Canadian Prime Minister Mark Carney is accelerating efforts to diversify Canada’s trade ties, pursuing closer cooperation with China and expanding a network of smaller trade deals as U.S. President Donald Trump’s tariff-driven policies disrupt long-standing global alliances. Carney, a former head of the Bank of Canada and Bank of England, said Canada will champion “plurilateral” agreements among smaller groups of countries, positioning itself as a bridge between the European Union and Pacific Rim nations. Speaking during a stop in Doha ahead of the Davos gathering, Carney said global multilateral institutions are weakening, calling for fresh economic partnerships to stabilize international trade.

Despite this push, analysts say Canada remains heavily constrained by its economic dependency on the United States, which still buys nearly 70% of Canadian exports. Export Development Canada estimates that cutting reliance on the U.S. even by 10% would require Canada to dramatically increase exports to several major markets, including China, Germany, France, Mexico, Italy, India — or similar economies. Carney has pledged to double Canada’s non-U.S. exports over the next decade, but experts warn that a deeper shift toward China may bring long-term risks, including the possibility of Chinese manufacturers flooding the Canadian market across multiple product categories.

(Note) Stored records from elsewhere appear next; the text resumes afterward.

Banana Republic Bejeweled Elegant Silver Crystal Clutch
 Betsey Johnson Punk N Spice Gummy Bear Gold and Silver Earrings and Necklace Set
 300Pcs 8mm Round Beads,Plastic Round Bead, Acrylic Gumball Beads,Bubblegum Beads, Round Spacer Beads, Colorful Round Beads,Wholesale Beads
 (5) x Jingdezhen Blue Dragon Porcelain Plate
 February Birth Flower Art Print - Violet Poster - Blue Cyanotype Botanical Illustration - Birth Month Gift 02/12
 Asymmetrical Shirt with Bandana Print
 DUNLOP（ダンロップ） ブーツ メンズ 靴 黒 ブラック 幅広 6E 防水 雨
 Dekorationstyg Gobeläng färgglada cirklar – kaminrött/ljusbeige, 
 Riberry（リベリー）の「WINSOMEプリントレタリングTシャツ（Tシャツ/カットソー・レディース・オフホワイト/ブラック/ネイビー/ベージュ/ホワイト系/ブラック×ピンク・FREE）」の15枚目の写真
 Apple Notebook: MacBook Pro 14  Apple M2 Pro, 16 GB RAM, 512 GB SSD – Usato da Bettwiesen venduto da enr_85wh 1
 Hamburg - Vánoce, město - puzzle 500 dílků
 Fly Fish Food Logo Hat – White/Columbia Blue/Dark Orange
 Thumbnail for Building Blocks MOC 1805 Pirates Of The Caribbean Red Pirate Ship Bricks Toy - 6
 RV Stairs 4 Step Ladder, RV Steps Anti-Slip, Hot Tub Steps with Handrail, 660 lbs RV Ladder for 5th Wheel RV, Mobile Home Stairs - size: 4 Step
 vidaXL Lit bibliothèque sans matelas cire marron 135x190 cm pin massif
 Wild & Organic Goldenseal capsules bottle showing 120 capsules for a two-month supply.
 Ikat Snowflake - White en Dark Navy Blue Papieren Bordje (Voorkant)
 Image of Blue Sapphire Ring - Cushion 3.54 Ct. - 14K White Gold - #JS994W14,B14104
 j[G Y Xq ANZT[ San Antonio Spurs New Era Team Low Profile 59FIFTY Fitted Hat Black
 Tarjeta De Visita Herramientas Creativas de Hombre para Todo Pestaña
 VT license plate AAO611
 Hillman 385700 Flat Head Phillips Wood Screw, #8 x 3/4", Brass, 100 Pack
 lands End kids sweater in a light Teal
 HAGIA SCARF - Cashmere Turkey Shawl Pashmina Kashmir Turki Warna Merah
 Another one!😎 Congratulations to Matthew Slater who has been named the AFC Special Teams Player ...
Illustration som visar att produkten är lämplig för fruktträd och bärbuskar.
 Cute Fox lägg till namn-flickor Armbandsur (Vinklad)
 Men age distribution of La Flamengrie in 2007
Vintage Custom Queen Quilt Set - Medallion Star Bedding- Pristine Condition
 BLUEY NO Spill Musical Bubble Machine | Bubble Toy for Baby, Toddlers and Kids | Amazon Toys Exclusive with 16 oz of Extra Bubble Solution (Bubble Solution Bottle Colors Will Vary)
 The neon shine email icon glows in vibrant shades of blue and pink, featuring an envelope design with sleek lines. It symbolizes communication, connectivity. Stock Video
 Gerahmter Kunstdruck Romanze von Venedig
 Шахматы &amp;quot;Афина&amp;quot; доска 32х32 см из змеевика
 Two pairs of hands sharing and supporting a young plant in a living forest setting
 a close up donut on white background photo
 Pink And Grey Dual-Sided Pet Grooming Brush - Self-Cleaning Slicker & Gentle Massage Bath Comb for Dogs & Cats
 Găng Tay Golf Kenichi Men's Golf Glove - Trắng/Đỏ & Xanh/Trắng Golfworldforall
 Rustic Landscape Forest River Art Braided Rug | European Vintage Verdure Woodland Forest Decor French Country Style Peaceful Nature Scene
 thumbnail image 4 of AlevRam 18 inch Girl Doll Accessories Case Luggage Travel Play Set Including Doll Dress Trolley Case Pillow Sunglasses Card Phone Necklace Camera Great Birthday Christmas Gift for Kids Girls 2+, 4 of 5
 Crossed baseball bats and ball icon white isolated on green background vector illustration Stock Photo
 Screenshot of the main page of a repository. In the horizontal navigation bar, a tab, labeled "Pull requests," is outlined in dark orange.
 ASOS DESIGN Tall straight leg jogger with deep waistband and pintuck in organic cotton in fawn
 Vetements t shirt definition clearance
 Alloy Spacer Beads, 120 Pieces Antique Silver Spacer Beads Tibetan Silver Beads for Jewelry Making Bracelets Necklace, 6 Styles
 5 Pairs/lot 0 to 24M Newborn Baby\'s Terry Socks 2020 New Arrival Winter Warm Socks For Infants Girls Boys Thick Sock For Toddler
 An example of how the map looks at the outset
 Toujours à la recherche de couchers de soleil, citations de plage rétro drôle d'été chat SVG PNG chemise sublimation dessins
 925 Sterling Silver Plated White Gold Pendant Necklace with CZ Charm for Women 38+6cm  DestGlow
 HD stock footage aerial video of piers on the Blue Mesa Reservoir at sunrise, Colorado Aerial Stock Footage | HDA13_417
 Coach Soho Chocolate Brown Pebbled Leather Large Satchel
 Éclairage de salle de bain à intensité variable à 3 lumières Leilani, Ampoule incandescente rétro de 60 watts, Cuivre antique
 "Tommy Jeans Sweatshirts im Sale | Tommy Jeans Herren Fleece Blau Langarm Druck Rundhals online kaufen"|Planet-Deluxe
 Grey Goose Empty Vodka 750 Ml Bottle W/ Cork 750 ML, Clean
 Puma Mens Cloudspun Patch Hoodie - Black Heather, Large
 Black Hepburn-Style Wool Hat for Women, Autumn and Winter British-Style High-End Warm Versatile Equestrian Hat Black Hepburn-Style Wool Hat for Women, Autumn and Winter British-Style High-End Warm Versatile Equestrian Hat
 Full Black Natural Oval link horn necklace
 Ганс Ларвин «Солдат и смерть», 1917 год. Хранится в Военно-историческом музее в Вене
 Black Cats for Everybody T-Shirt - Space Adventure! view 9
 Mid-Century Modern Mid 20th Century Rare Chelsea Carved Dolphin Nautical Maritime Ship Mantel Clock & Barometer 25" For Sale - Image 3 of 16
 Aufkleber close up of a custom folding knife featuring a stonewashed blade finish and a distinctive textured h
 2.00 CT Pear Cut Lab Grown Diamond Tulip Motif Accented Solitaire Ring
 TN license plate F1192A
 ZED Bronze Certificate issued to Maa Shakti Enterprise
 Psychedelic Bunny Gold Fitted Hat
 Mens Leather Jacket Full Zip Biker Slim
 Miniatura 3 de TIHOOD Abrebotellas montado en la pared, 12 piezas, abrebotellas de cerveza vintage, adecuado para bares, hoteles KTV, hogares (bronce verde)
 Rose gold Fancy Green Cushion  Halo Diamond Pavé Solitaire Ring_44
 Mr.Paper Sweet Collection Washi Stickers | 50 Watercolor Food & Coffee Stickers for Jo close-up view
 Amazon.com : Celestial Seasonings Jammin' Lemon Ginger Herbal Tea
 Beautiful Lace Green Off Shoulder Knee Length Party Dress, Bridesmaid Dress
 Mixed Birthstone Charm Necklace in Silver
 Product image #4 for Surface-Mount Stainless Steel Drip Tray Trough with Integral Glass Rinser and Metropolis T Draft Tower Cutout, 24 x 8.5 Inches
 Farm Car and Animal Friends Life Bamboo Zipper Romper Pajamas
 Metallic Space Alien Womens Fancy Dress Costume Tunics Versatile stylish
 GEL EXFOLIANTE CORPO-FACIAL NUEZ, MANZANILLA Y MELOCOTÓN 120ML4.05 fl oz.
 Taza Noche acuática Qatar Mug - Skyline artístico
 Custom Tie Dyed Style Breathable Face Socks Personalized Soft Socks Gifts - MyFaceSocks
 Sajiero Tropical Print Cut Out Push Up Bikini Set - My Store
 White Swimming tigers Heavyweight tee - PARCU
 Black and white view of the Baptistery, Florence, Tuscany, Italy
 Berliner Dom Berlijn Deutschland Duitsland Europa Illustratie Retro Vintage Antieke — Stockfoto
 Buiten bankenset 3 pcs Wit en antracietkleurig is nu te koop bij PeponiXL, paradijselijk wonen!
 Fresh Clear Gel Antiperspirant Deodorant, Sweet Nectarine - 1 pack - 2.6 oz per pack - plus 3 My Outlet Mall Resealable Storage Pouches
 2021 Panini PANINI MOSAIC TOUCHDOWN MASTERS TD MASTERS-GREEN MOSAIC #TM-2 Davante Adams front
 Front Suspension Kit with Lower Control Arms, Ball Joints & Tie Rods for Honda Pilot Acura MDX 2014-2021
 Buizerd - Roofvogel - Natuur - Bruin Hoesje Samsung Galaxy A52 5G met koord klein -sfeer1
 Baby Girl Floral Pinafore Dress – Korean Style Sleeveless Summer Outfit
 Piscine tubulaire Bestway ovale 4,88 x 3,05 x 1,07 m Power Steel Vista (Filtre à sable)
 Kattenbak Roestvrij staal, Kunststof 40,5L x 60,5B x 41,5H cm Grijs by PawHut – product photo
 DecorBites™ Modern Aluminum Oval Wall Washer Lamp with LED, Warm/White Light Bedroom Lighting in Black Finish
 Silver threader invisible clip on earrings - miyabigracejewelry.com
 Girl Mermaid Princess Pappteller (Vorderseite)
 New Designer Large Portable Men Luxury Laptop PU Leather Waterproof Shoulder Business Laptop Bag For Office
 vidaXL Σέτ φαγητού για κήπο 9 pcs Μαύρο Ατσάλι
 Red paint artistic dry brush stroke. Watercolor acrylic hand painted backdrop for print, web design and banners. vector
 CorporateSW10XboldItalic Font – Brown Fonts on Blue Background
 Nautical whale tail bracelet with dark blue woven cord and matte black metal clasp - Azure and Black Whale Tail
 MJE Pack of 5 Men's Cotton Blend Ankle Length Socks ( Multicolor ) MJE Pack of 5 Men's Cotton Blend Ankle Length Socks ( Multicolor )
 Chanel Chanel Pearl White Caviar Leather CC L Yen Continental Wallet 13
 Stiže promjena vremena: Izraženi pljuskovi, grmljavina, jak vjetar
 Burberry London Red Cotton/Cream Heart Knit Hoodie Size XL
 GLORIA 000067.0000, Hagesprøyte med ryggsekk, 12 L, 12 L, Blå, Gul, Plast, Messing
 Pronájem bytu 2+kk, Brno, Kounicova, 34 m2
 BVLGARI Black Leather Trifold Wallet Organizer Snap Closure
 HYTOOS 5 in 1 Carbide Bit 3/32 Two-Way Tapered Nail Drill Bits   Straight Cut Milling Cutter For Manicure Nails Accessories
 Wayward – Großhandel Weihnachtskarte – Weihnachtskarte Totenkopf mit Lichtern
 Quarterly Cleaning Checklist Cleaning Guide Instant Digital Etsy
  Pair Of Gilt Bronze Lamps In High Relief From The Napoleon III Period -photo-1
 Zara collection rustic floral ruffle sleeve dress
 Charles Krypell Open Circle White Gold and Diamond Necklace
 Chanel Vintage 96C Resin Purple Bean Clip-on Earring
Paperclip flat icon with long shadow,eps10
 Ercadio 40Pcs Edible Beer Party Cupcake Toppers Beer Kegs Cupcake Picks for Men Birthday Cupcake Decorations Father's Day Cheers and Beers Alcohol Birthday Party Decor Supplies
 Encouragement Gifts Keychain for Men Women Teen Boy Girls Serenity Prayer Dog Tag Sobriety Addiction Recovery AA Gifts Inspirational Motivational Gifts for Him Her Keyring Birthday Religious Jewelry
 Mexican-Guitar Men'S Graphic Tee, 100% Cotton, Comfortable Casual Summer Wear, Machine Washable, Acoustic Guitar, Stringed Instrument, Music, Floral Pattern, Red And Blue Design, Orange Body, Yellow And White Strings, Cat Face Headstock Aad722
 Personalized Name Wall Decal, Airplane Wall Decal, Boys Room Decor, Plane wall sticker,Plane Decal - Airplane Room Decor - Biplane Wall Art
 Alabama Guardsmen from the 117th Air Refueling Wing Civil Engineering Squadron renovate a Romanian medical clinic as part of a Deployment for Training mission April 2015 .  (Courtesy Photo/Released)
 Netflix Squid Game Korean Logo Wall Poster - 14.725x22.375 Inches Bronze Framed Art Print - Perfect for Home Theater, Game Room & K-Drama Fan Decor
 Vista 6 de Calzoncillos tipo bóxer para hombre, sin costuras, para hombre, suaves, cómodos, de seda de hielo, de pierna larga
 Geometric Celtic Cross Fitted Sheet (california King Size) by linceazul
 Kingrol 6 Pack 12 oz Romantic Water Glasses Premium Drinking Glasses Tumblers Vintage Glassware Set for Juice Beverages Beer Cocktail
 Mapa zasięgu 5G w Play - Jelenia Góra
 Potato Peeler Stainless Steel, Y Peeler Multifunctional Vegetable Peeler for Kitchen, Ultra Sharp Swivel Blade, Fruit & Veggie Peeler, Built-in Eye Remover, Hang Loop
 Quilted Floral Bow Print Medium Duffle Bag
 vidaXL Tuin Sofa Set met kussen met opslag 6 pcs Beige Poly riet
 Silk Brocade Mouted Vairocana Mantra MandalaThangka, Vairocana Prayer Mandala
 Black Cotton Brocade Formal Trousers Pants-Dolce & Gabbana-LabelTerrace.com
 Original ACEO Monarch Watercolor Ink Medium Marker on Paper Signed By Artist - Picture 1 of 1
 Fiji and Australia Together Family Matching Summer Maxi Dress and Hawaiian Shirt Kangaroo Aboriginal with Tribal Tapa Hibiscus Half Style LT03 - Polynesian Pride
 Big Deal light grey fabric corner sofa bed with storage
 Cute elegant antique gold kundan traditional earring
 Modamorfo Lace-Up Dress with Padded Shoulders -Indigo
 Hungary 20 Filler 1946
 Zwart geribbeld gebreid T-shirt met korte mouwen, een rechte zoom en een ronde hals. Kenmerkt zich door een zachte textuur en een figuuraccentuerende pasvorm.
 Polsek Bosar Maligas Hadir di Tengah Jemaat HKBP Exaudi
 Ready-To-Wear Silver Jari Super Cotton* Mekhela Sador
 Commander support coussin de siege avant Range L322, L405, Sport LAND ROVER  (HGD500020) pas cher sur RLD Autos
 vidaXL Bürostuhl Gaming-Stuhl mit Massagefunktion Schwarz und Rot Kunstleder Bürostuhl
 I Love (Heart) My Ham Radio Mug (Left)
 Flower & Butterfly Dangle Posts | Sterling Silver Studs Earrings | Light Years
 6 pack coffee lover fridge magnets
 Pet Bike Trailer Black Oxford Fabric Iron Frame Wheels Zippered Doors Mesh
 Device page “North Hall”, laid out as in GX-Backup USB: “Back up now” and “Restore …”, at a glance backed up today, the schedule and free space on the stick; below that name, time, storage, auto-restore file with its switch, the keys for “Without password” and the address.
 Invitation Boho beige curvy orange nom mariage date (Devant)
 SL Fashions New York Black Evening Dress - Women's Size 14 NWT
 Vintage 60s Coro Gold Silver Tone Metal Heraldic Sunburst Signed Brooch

Carney recently became the first Canadian prime minister to visit Qatar and the first to travel to China since 2017, describing Beijing as a more predictable partner than Washington. He is also expected to visit India after diplomatic ties were restored and trade talks resumed. Canada has concluded trade deals with Ecuador and Indonesia, signed investment agreements with the UAE, and plans next to focus on expanding ties with the Philippines, Thailand, Mercosur, Saudi Arabia, and India. However, economists note that U.S. dominance in Canadian trade—especially in energy, where around 90% of Canadian crude goes to the U.S.—is unlikely to decline sharply in the near term, with many businesses waiting for the outcome of U.S.-Mexico-Canada trade agreement negotiations this year.